The problem is this still does not seem to describe what I actually experience (which I think would apply even if I had total ongoing amnesia and had no memories at all). It is hard to explain... like claiming that, say, there are no qualitative colours, only quantitative frequencies of light, it is entirely impossible to falsify from the "outside" — I can only protest that I do in fact experience colours, not frequencies. I might even be hallucinating the coloured thing I think I see, but I am not hallucinating the experience of colour itself. So if my experience of "change" or "becoming" is an illusion, what could possibly cause such an illusion in a timeless world? I don't see how even the illusion is possible if reality is truly eternal.

Tyrrell McAllister said...

@Mr. Green: It seems to me the distinction is being aware of all of them at once or not. Now, if I understand right, the response is that I am in some sense aware of all my temporal parts "at once" (so to speak), but I am aware of them as being separate temporal slices — just as I am aware that my left hand is on my left and my right hand on my right.

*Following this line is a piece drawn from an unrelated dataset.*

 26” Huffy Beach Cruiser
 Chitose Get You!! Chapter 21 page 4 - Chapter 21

I'm not sure about Scott, but this at least was not the response that I made.

My claim is that the temporally extended you (the thing comprising all of your moments of consciousness) has no overarching awareness or consciousness associated to it itself. The individual moments of consciousness do have awareness, but any given moment's awareness omits vast portions of the temporally extended you, especially the portion that is in the future, relative to that moment.

So, yes, you can be aware of both your left and your right hand simultaneously, within one moment and from one location. However, in contrast, you cannot be directly aware, with the vividness of immediate experience, of both you-one-year-ago and you-one-year-in-the-future (relative to the moment of your reading this), within one moment and from one location. (Unless you are Spinoza's God.)

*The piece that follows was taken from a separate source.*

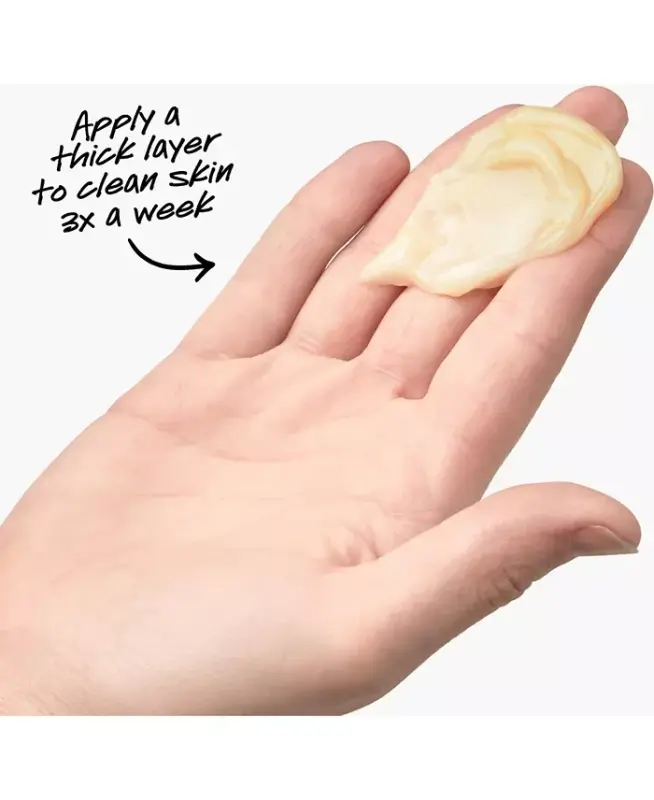 Calendula Petal-Infused Calming Mask, 3.4-oz. - 3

But this is not comparable to my experience of time: I do not experience now and then "together", only cognisant that "now" is one slice of time and "then" is a different one. I am only ever aware of a single slice, a single moment — I never experience anything like the temporal analogue of "both my left hand and my right hand".

I share this experience of time, but I think that it is consistent with eternalism. In fact, I think that this experience of time is the one predicted by eternalism for beings of the sort that we seem to be — namely, beings in which each moment of consciousness directly experiences its present, has memories of its past (which memories are distinguishable from direct experience), and no memory or direct experience of its future.

The problem is this still does not seem to describe what I actually experience (which I think would apply even if I had total ongoing amnesia and had no memories at all). It is hard to explain... like claiming that, say, there are no qualitative colours, only quantitative frequencies of light, it is entirely impossible to falsify from the "outside" — I can only protest that I do in fact experience colours, not frequencies. I might even be hallucinating the coloured thing I think I see, but I am not hallucinating the experience of colour itself.

Eternalism doesn't deny your experience of time. It is just an account of what it is that you are experiencing.

Consider: Electromagnetic radiation really does have frequencies. Your qualitative experience of green is just what it feels like to have a completely accurate perception of a certain frequency of EM radiation, given the kind of being that you are.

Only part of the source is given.